On his 100th day in office, Donald Trump propelled Mark Carney to power. Trump has created a national emergency in Canada with his huge tariffs, intensified by fears that his “51st state” belligerence might even result in some kind of invasion. As a former governor of both the Bank of Canada and the Bank of England, Carney became the heavyweight candidate best able to outwit the looming dictator, unlike the mini-Trump leader of the Canadian Tories, Pierre Poilievre.
It looks as if Australia may follow suit on Sunday and re-elect its sitting government, in this case Labor, in no small part because it is seen as the most credible anti-Trump of the two contenders for power.
Meanwhile in Germany the incoming chancellor, Friedrich Merz, won an election two months ago pledging to achieve “strategic independence” from Trump’s America. Merz was reacting not only to Trump’s anti-European, anti-Ukrainian and pro-Vladimir Putin rhetoric but also to direct interventions in the German campaign by Elon Musk and JD Vance in support of the far-right Trumpite AfD party.
Join the dots and two things are clear.
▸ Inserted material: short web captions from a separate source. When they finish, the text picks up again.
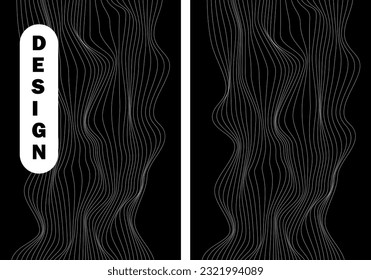 Lines abstract texture on black background, use for visual identities, banner design. Vector art.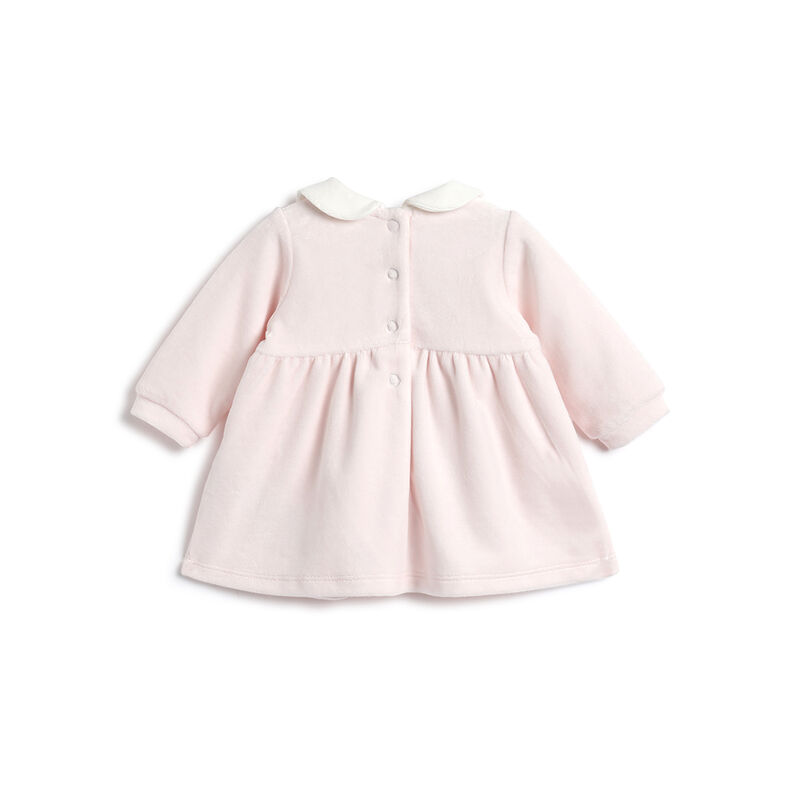 Girls Light Pink Embellished Long Sleeve Dress image number 1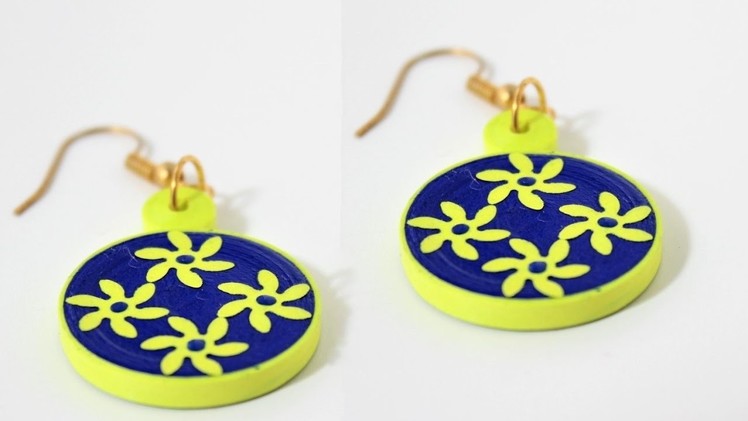 Simple and easy Quilling earrings making.DIY Quilled earrings
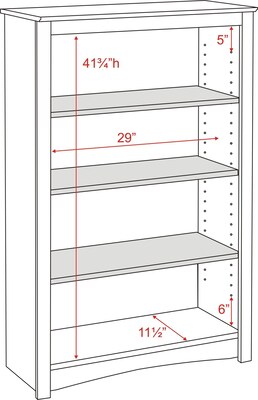 Prepac™ 48" 4-Shelf Bookcase with Adjustable Shelves, Espresso, Wood (EDL-3248)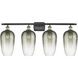 Ballston Brookhaven Flute 4 Light 37 inch Black Antique Brass Bath Vanity Light Wall Light in Slate Glass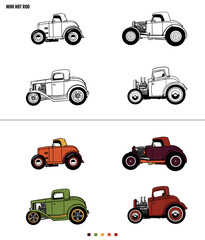 Conjunto de pequeños coches de estilo hotrod, en color y en lineas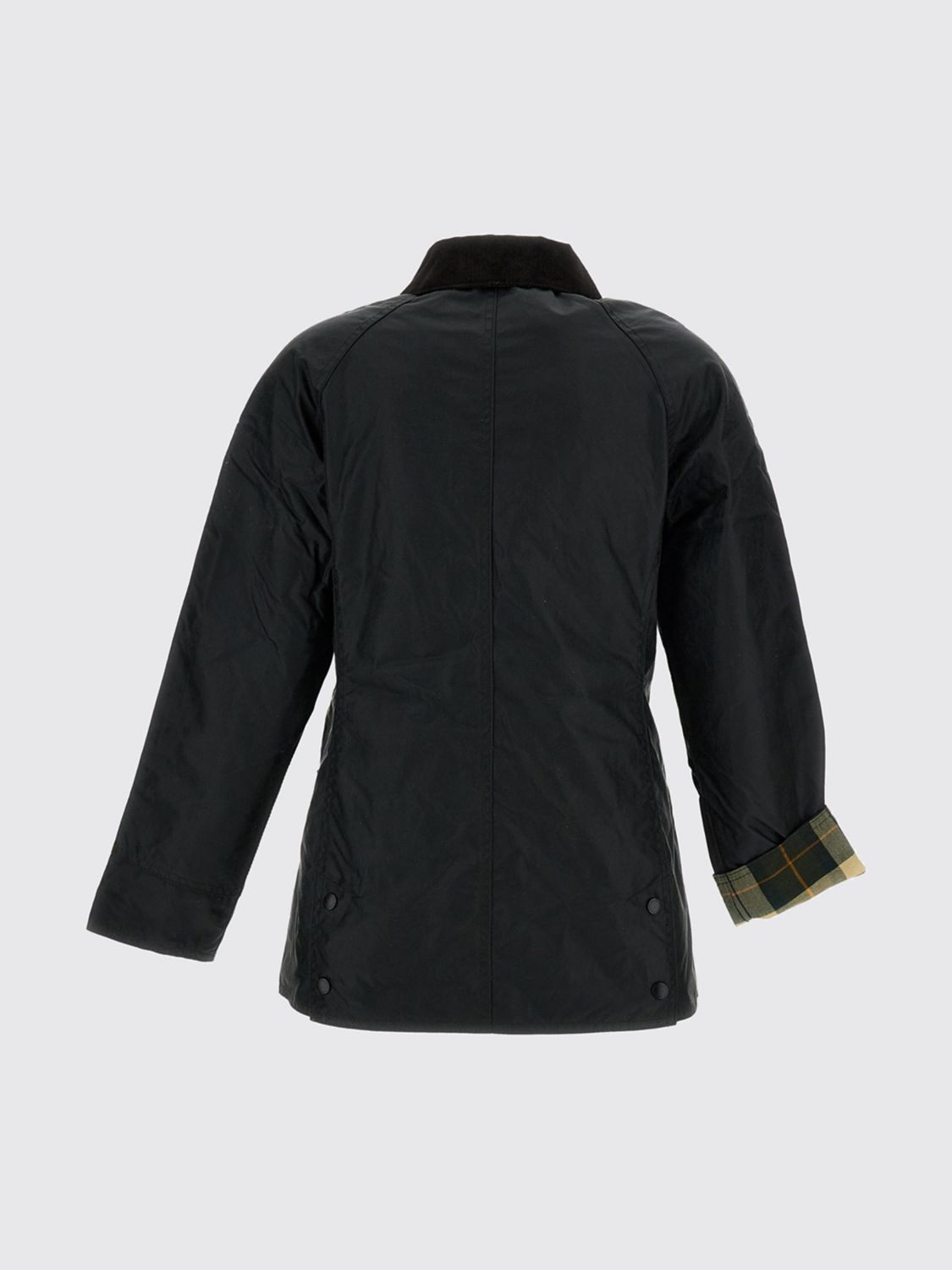 BARBOUR CHAQUETA: Chaqueta Beadnell Barbour de algodón encerado con cuello de terciopelo, Verde - Img 3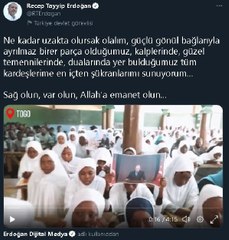 Cumhurbaşkanı Erdoğan'dan Afrika'dan gelen geçmiş olsun mesajlarına teşekkür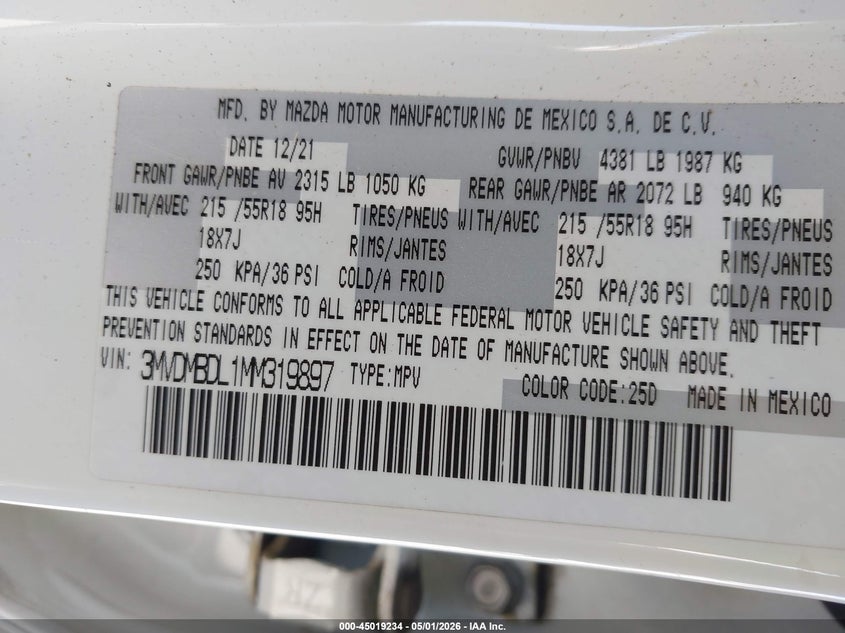 MAZDA CX-30 2021 VIN 3MVDMBDL1MM319897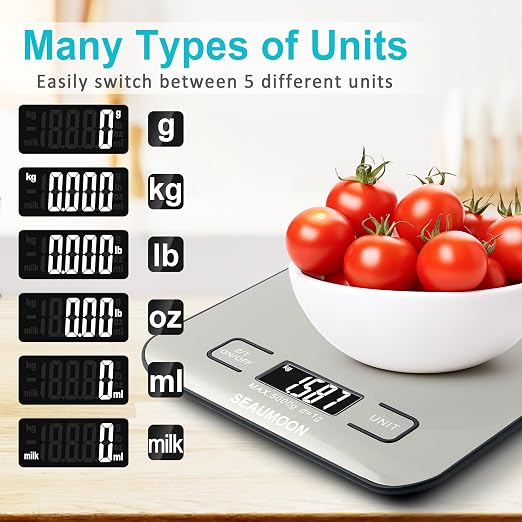Food Scale Kitchen-Scale 11lb/5kg Food Scale for Kitchen Stainless Steel LCD Display Tare Function (g/oz/ml) for Meal Prep Coffee (Batteries Included)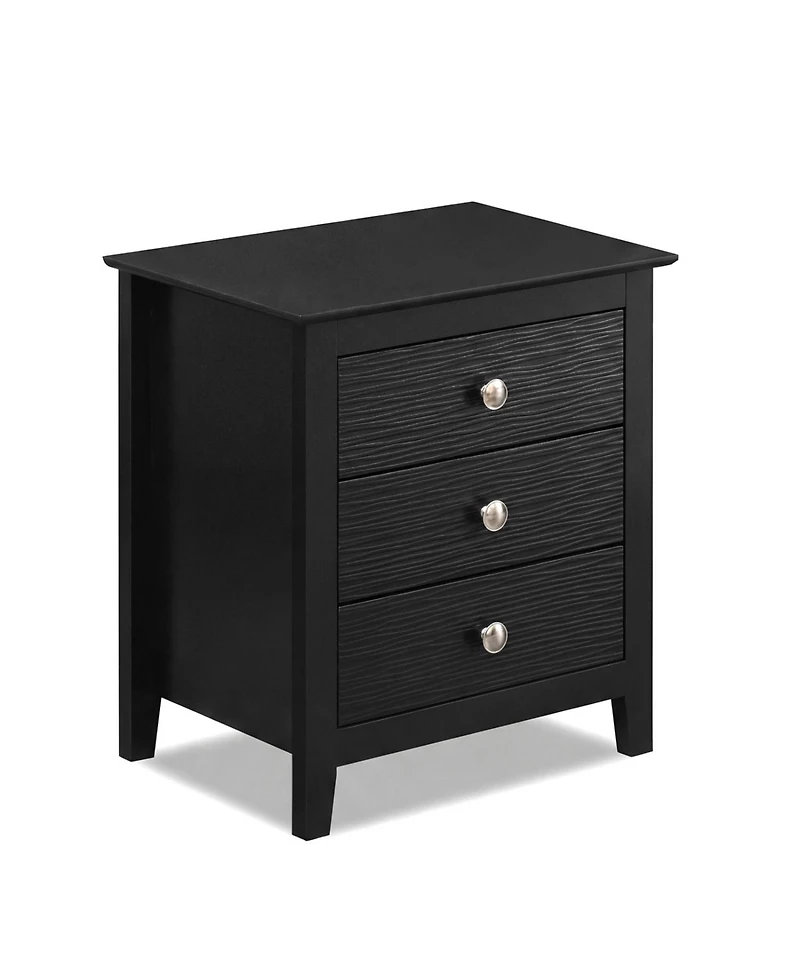 Slickblue 3 Drawer Farmhouse Nightstand with Wood Grain Finish and Storage Drawers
First, democratic electorates outside America are repelled by Trump, both the direct threat he poses to their economies and security, and the general sense that he is behaving like a gigantic out-of-control bully. Secondly, there is a desperate urgency among the leaders of the non-American democracies to find ways of containing Trump, not least by coming together in new and stronger alliances for trade and defence.
In Europe, plans are already advanced for a new form of Nato without the US, and for defence procurement from within this new non-American bloc. This would include Canada immediately, and might extend to the Asian and Australasian democracies. Aukus—the US, British, Australian defence pact—is only four years old yet already seems of another age. There is a big question mark already as to whether its agreements on military technology are still viable in the light of Trump’s ambivalence about working with western partners.
Trade relations between the non-American democracies will also be intensified, and the non-Americans will not be following Trump into a trade war with China. Britain needs to negotiate a bold new trade deal with the European Union, preferably to re-enter the customs union and as much of the single market as possible. The UK-EU summit in May is a first tentative step on this road.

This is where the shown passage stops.